Analyses were stratified by sex, age, race, diabetes, hypertension, and CKD stage in separate models. Analyses stratifying the ESKD outcome into persistent eGFR<15 ml/min per 1.73 m2 and dialysis were also performed. Three sensitivity analyses were conducted: the first used propensity score matched models to estimate risk of 25% decline in eGFR and ESKD, the second restricted analyses to those with positive HCV RNA as sole diagnostic criteria, and the third assessed patients with and without ESLD.

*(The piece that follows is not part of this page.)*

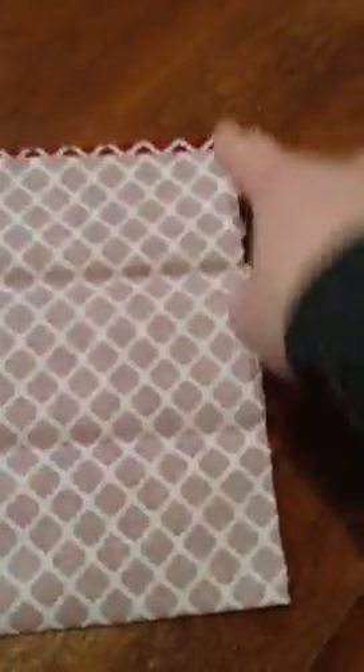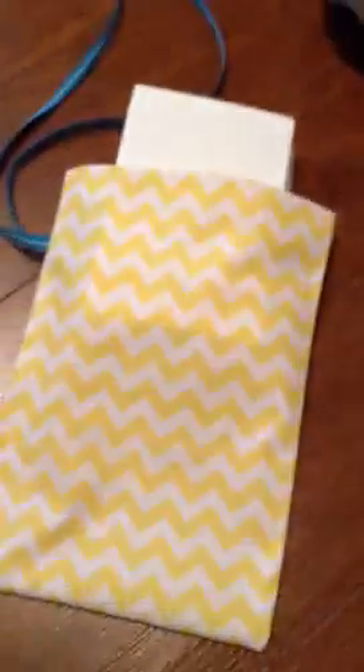Once I have that, I simply fold it in half, I stitch up my sides — not the top — side here, side here, I have a little piece of ribbon, and voila!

All analyses were performed as complete case analyses. Analyses were conducted with SAS (version 9.3 for Windows; SAS Institute, Cary, NC). The study protocol was reviewed and approved by the KPSC Institutional Review Board, which waived requirement for informed consent.

Results

Study Cohorts

A total of 182,164 patients with stage 3–5 CKD and no HCV, and 2549 patients with HCV and CKD were identified during the study period. Of these, 30,198 (17%) and 745 (29%) had <12 months membership, dialysis, kidney or liver transplant, HCV treatment, or fewer than one baseline and one follow-up eGFR measurement documented and were excluded from the study, respectively (Figure 1). Patients were also excluded because of the requirement of complete race, age, and sex data for the eGFR equation; 3.7% of patients with at least one serum creatinine measurement were excluded because of missing race data, and 2.6% had race imputed using the algorithm reported in the Geographically Enriched Member Sociodemographics national Kaiser Permanente datamart (35). No patients had other covariate data missing. Patients excluded because of HCV treatment differed by some variables compared with included patients (Supplemental Table 2). For the ESKD analyses, an additional 800 patients with CKD only, and 69 patients with HCV and CKD were excluded because of an eGFR<15 ml/min per 1.73 m2 at baseline.

Figure 1.

Figure 1.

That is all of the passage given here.